**WORK REQUEST**
Retype all data exactly as given. Pictures should not be retyped.
*** Opening of DATA ***
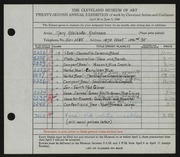 Entry card for Andrews, Mary Adelaide Fulton for the 1940 May Show.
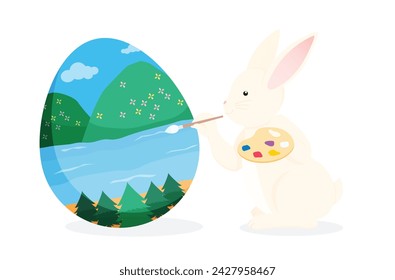 Easter egg day rabbit beautiful character icon object cute march april month spring time holiday easter day vector illustration bunny ear hare event animal hunt holiday template event party meadow	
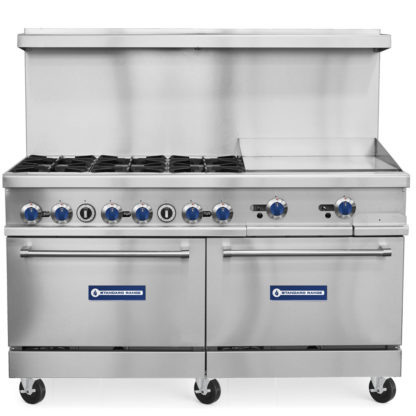 Standard Range SR-R60-24MG-LP 60" Liquid Propane Range with 24" Griddle, 6 Burners, 2 Ovens - 306,000 BTU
*** Close of DATA ***
**FINISHED EXERCISE**
 Entry card for Andrews, Mary Adelaide Fulton for the 1940 May Show.
 Easter egg day rabbit beautiful character icon object cute march april month spring time holiday easter day vector illustration bunny ear hare event animal hunt holiday template event party meadow	
 Standard Range SR-R60-24MG-LP 60" Liquid Propane Range with 24" Griddle, 6 Burners, 2 Ovens - 306,000 BTU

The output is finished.